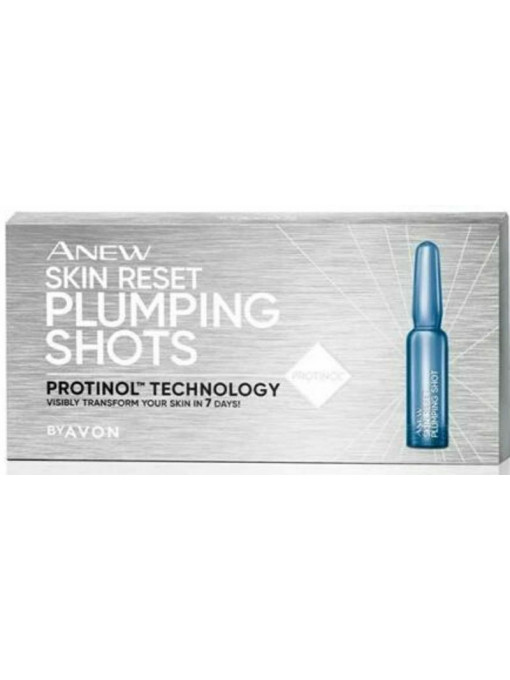 Ten, avon | Avon anew skin reset plumping shots fiole pentru hidratare | 1001cosmetice.ro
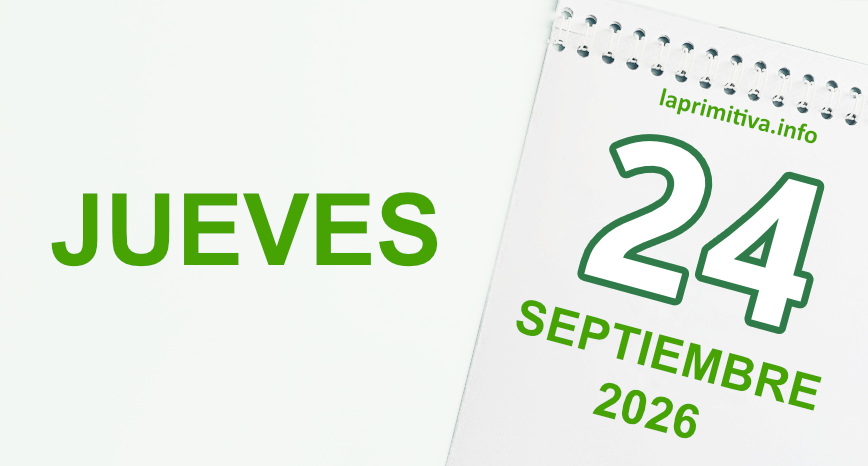La Primitiva, jueves 24 de septiembre 2026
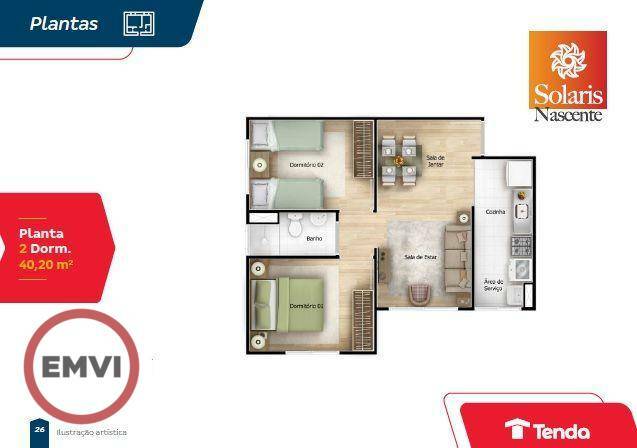 Apartamento à venda com 2 quartos, 41m² - Foto 18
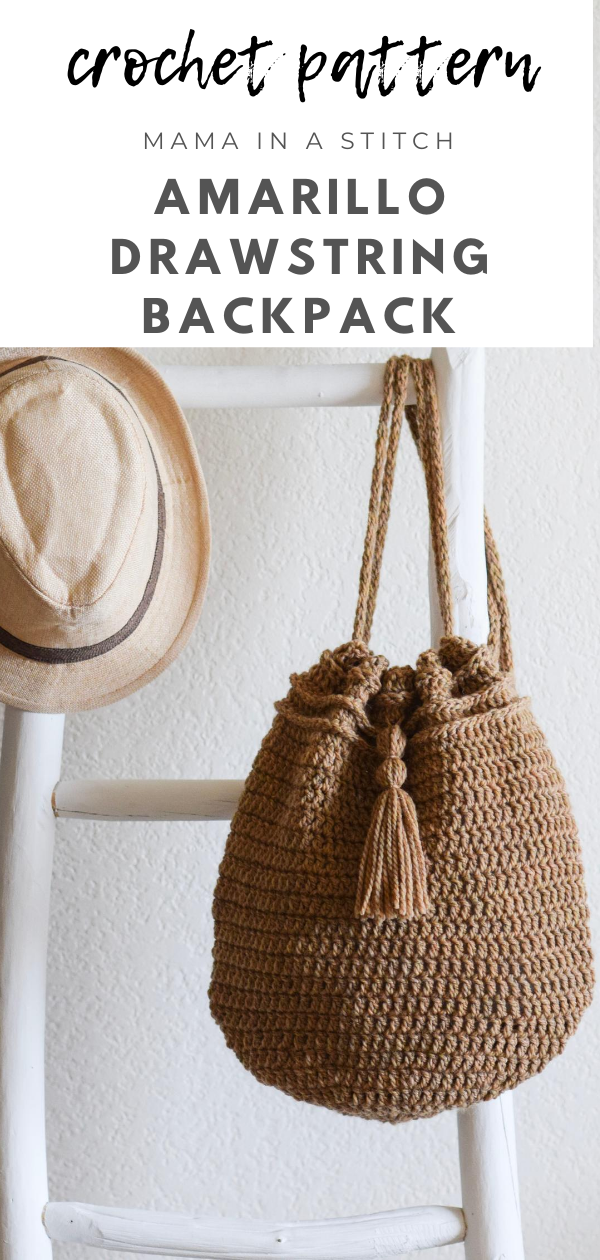 How To Crochet A Drawstring Backpack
________________
(The problem)
Reproduce the data above word for word, but leave the images out.

(Answer to the problem)
 Ten, avon | Avon anew skin reset plumping shots fiole pentru hidratare | 1001cosmetice.ro
La Primitiva, jueves 24 de septiembre 2026
 Apartamento à venda com 2 quartos, 41m² - Foto 18
 How To Crochet A Drawstring Backpack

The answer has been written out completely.